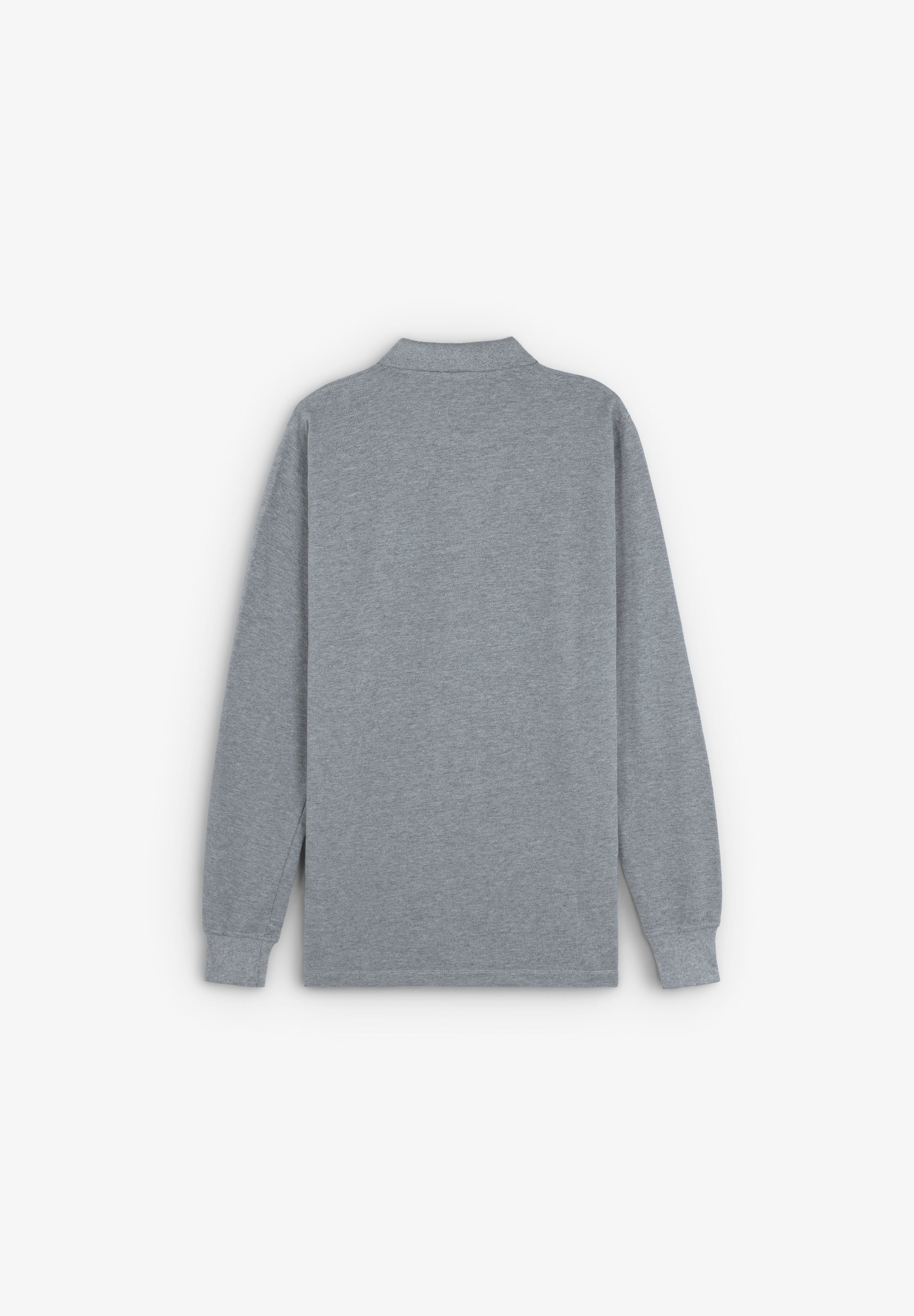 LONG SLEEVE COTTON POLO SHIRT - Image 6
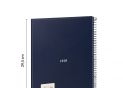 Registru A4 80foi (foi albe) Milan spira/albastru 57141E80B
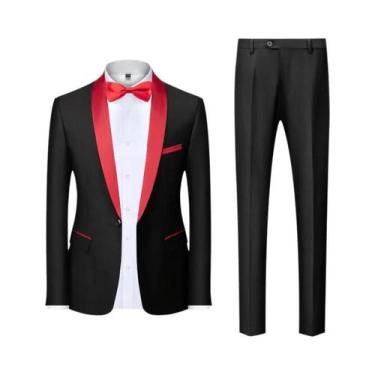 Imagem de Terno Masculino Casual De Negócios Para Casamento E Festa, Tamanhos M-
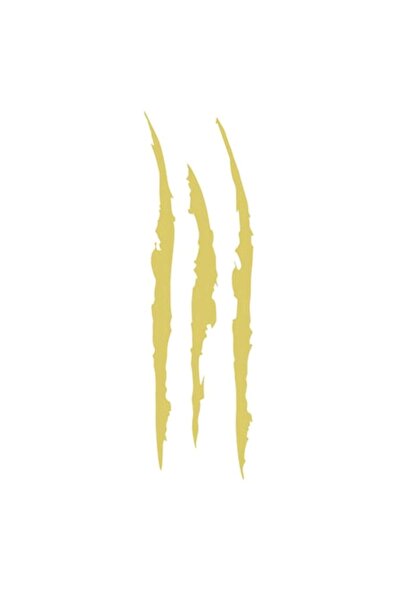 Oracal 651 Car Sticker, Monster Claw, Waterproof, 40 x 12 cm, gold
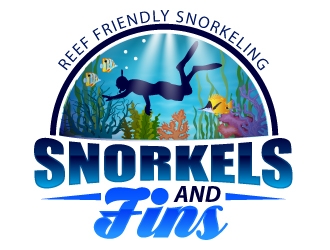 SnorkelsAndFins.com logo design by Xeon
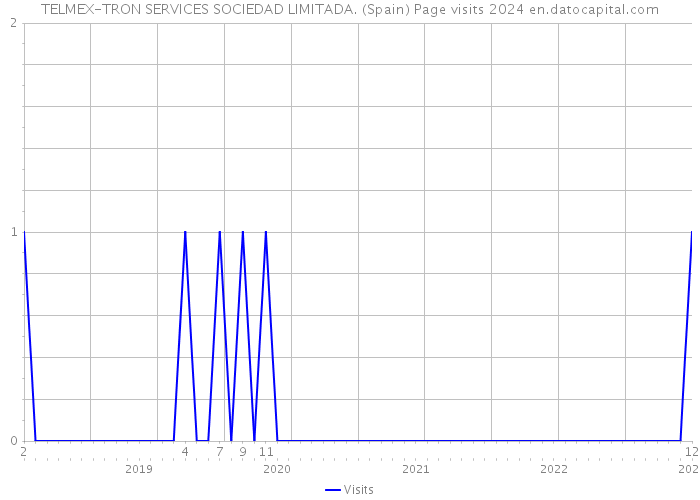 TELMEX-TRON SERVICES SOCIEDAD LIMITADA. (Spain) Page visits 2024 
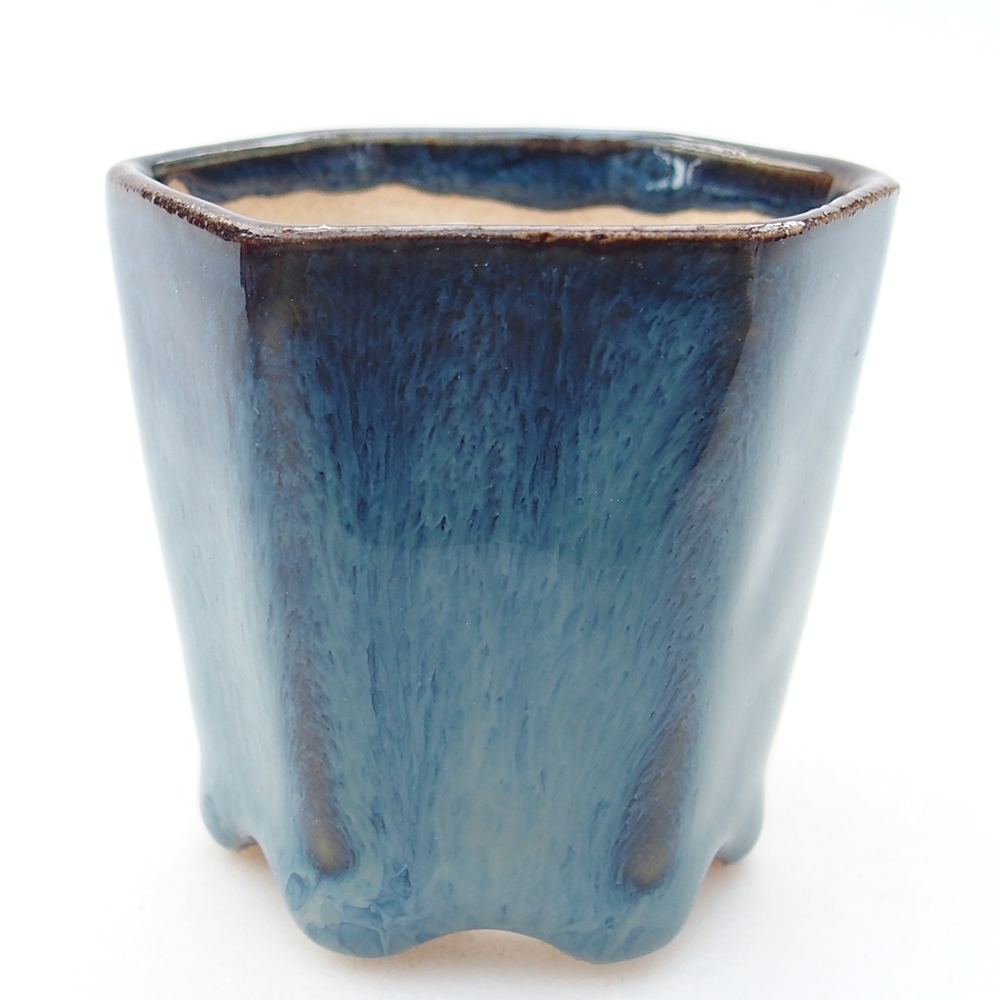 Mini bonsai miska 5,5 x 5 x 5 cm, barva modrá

===

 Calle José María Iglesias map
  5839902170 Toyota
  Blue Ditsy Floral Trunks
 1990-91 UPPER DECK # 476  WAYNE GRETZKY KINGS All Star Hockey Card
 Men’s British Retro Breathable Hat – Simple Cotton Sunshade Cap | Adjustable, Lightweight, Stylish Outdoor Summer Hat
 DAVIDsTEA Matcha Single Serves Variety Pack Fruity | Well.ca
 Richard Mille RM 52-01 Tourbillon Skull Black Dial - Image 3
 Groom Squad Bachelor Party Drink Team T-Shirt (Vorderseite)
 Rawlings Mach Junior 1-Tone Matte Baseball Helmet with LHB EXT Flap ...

===

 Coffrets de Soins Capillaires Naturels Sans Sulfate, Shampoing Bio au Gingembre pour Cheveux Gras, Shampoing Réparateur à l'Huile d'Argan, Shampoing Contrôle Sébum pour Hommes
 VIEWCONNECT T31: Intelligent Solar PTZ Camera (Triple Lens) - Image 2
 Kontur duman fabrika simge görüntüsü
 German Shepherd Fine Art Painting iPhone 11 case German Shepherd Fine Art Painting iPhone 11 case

===

• _Work to be completed_: Print, exactly, each line above from the one with "Oracal 651 Car" to the one with "Mini bonsai miska", end lines included. Leave pictures out of it.

• _Answer to this exercise_:
 Oracal 651 Car Sticker, Monster Claw, Waterproof, 40 x 12 cm, gold
 SnorkelsAndFins.com logo design by Xeon
 TELMEX-TRON SERVICES SOCIEDAD LIMITADA. (Spain) Page visits 2024 
 Mini bonsai miska 5,5 x 5 x 5 cm, barva modrá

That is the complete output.